Pela ordem cronológica de freqüência: Bar da Tia, Barbra’s, Barraca do Ideal,
Lido, Estoril, Choperia do Romcy, Bar do Aírton, Padaria Espiritual, Opção,
Alpendre, Cantinho, Helano...
A vodca lhe faz
dançar como um Fred Astaire e, de repente, faz o chão sumir sob seus pés.
“Motorista, let’s go!”; “Vamos para onde, senhor?”; “Ora, para minha casa!”; “E
onde fica a sua casa?”; “Jamais saberás!”. Uísque só após o crepúsculo e com o
estômago forrado. “Comigo não tem isso não, bebo na hora que eu quiser, na
minha barriga não tem relógio”. Vinho tinto para carnes vermelhas, vinho branco
para frutos do mar. “Bacalhau não é peixe, bacalhau é bacalhau, Periquita
nele!”. Porre de gim, além de grande, é sempre o primeiro e o último. “Para o
mundo, que eu quero descer!”. Cachaça, no banho de açude ou debaixo de chuva,
não tem igual. “Querida, vou dar um tempo na cana, mas deixe só passar essa
safra de cajá”. Presepadas mil: a cada trago, dez chistes.
A transformação
do suave amador de fim de semana no diarista polido e compenetrado. Quis saber
certa vez Adélia Prado: “Quantos sacos de arroz já consumi?”. Parafraseando-a,
pergunto eu: “Quantos rios da zinebra já bebi?”. Fará diferença?

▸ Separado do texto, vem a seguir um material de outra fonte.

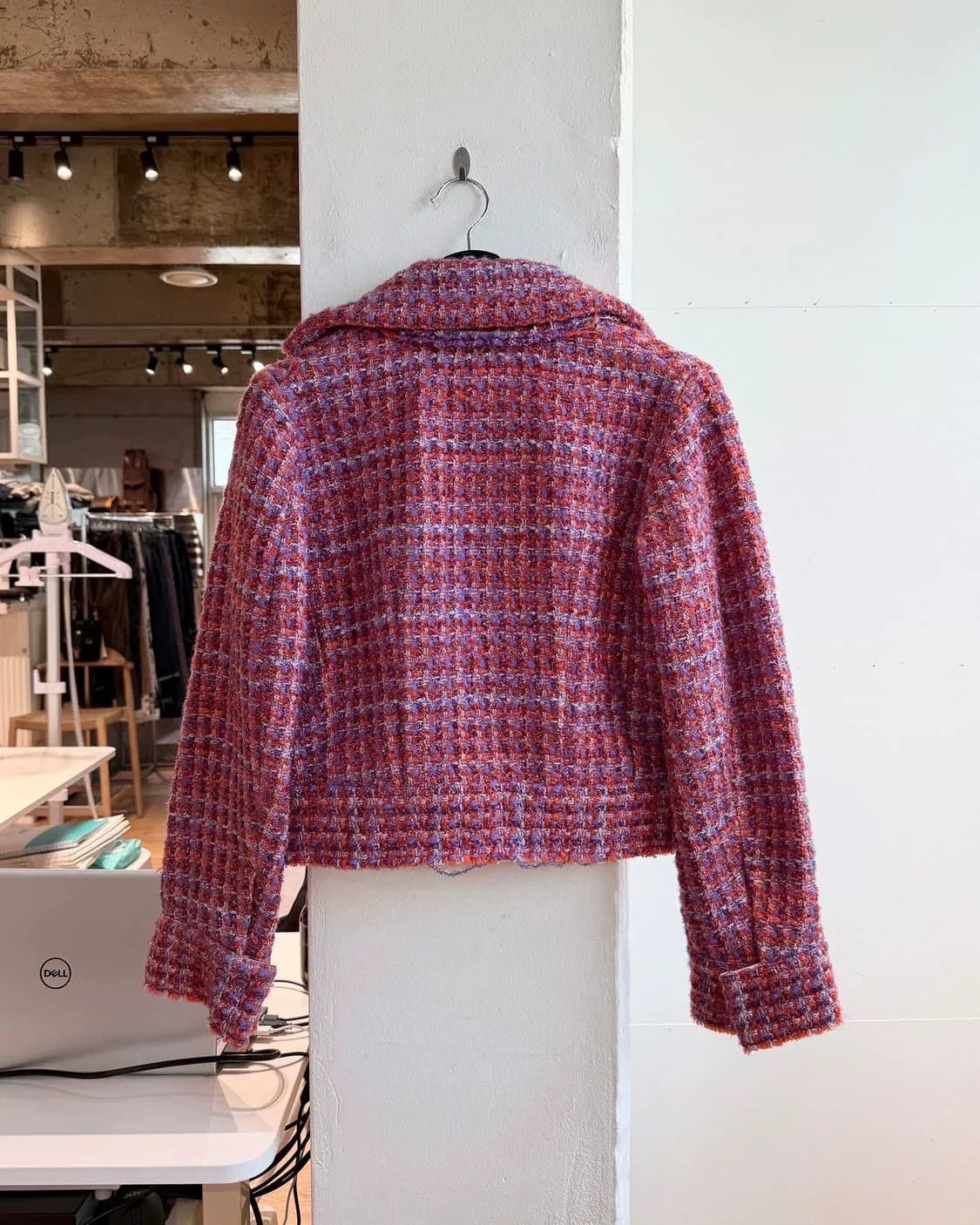 Yohji Yamamoto Yohji Yamamoto Tweed Jacket Size M / US 6-8 / IT 42-44 - 3 Thumbnail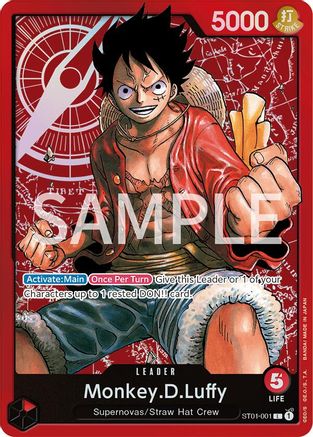 Monkey.D.Luffy (ST01-001) - [Revision Pack Cards]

Claro que sim:
tantas boas amizades feitas nas mesas, generosas do tamanho da cidade, uma
turma imensa em que todos e todas se conhecem e se gostam, brindes espocando,
violões violando o silêncio besta com seus bordões, a lua dizendo adeus, o sol
dando bom dia, “Garçonzinho, me ajude, amigo, quero me embriagar”, quanta
saudade, Cláudio Pereira. Seria todo bebedor um alcoólatra? Nada disso: Mário
Quintana ergue a taça e diz: “Só se deve beber por gosto: beber por desgosto é
uma cretinice”. Evoé, Baco!
Que ninguém veja
aqui qualquer estímulo ou elogio a esse ofício, tampouco coisa de gabola ou
fanfarronice. Trata-se apenas do singelo testemunho de alguém que sempre só
encontrou prazer no que é, antes de tudo, uma arte. Há, claro, os que andam por
aí com um cartaz imaginário pendurado no pescoço, escrito assim: “Não dêem
bebida a este animal”. Fujo dessas figuras como o vampiro foge da luz solar.
Não é que o álcool degrade o homem; como afirmou Chesterton, o homem é que
degrada o álcool. Seria este um consolo para os males da vida, as decepções
amorosas, os reveses da sorte? Paulo Mendes Campos, cronista brilhante que
bebia mal, resumiu o lance numa bela imagem poética: “O homem entra no bar para
transcender-se: eis a miserável verdade”.